Given information ▸
+++

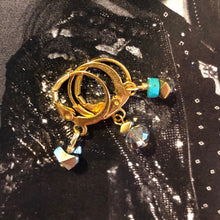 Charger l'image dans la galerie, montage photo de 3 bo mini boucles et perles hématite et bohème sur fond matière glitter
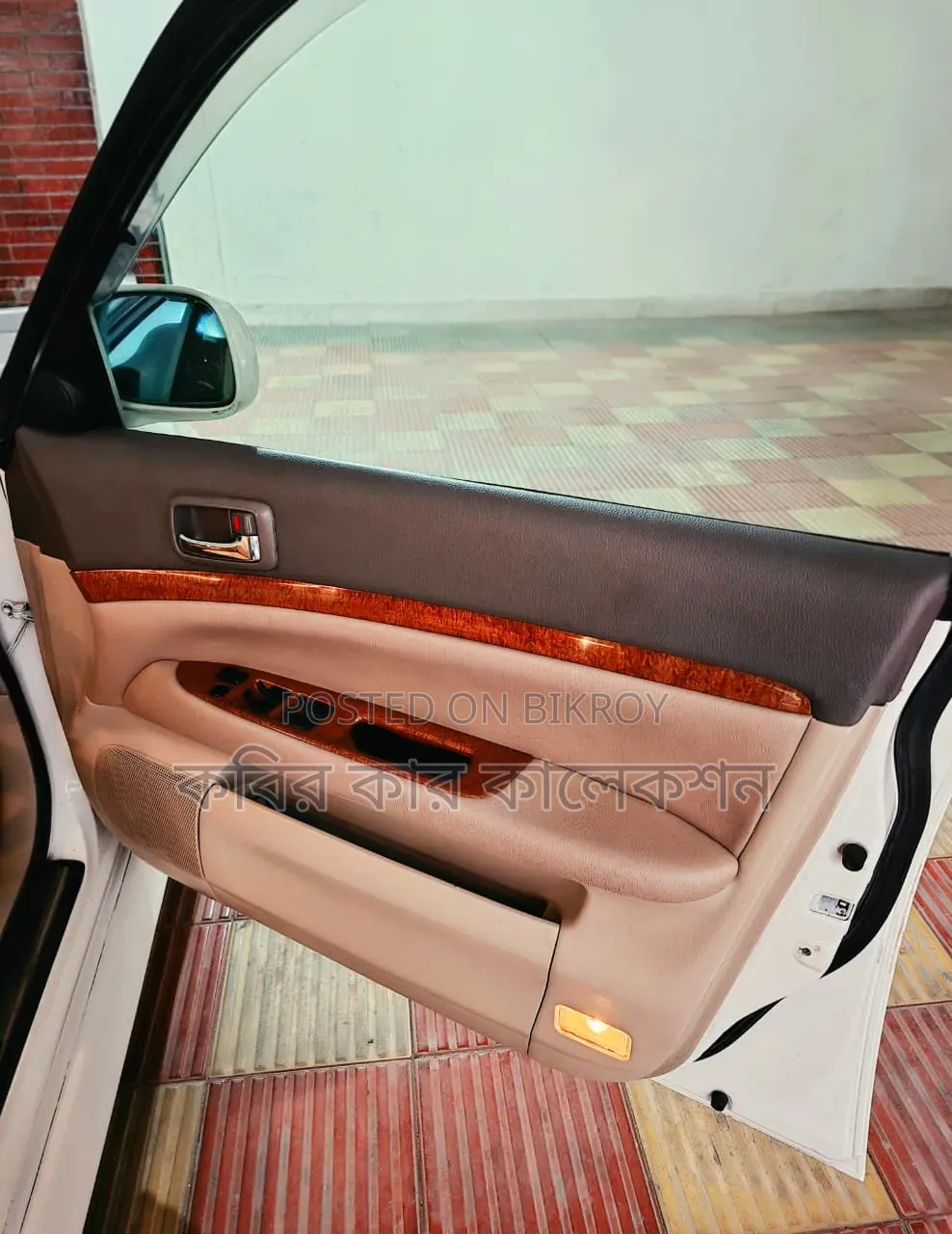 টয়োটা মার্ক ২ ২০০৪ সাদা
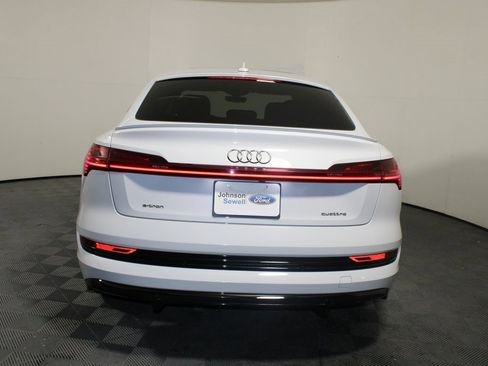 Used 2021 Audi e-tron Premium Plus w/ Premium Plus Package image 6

+++

Instructions for the task ▸ With the pictures set aside, write out the whole listing exactly.

Result ▸
 Charger l'image dans la galerie, montage photo de 3 bo mini boucles et perles hématite et bohème sur fond matière glitter
 টয়োটা মার্ক ২ ২০০৪ সাদা
 Used 2021 Audi e-tron Premium Plus w/ Premium Plus Package image 6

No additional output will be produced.